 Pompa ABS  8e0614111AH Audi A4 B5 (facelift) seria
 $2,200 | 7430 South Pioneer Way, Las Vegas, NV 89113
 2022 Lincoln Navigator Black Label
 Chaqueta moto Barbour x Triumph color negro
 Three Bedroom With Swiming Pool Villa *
--
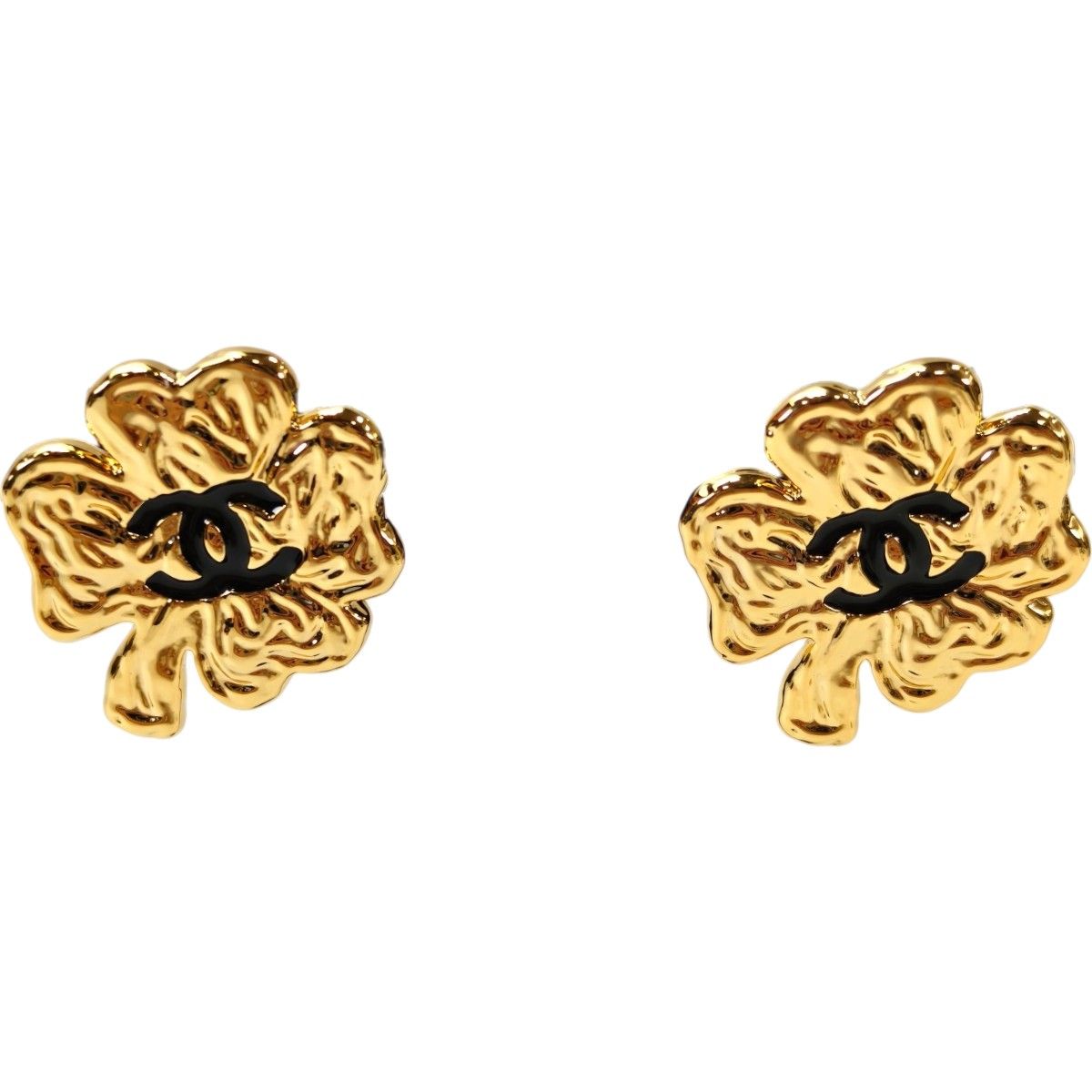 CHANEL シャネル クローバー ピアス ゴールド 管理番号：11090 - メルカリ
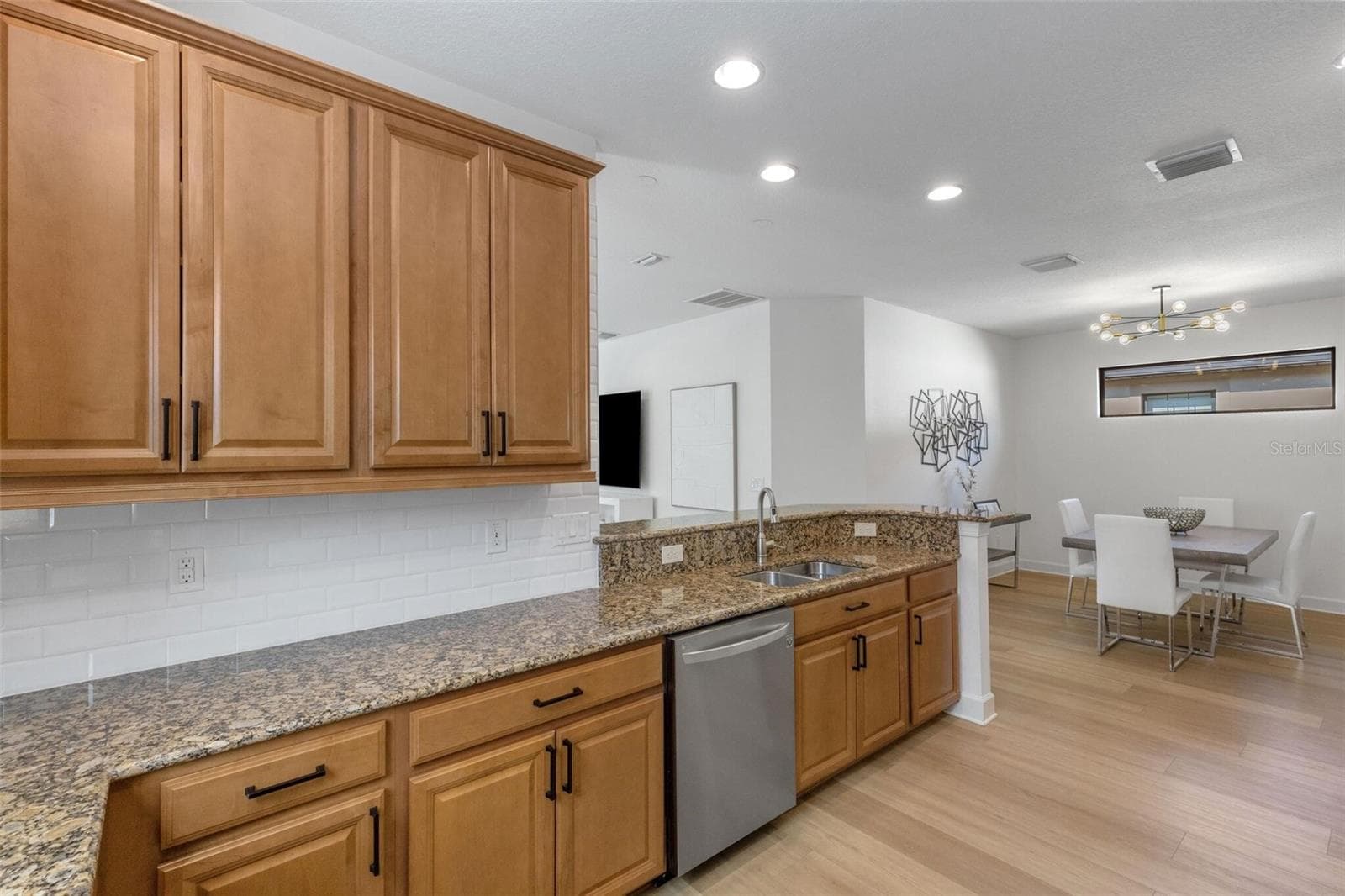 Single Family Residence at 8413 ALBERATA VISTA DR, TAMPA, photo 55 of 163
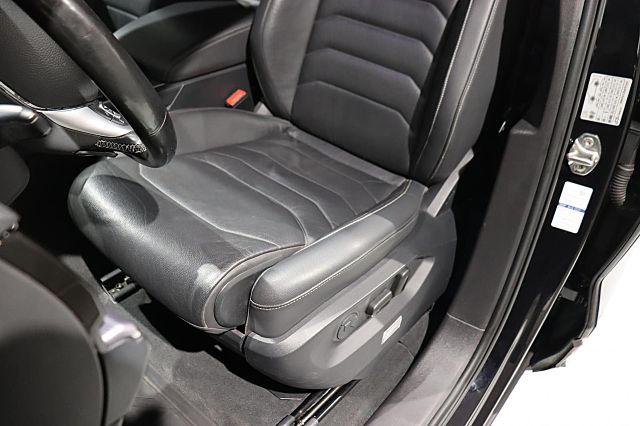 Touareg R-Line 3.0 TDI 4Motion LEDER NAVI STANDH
--
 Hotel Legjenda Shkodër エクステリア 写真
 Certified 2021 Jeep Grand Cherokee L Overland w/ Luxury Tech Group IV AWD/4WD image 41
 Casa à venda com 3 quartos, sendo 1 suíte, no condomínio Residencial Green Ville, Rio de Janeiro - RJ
--
# Exercise details
From the records above, print only the lines between the one holding "B5 (facelift) seria" and the one holding "Three Bedroom With Swiming Pool Villa *", inclusive, exactly as they stand.

# Completed task
 Pompa ABS  8e0614111AH Audi A4 B5 (facelift) seria
 $2,200 | 7430 South Pioneer Way, Las Vegas, NV 89113
 2022 Lincoln Navigator Black Label
 Chaqueta moto Barbour x Triumph color negro
 Three Bedroom With Swiming Pool Villa *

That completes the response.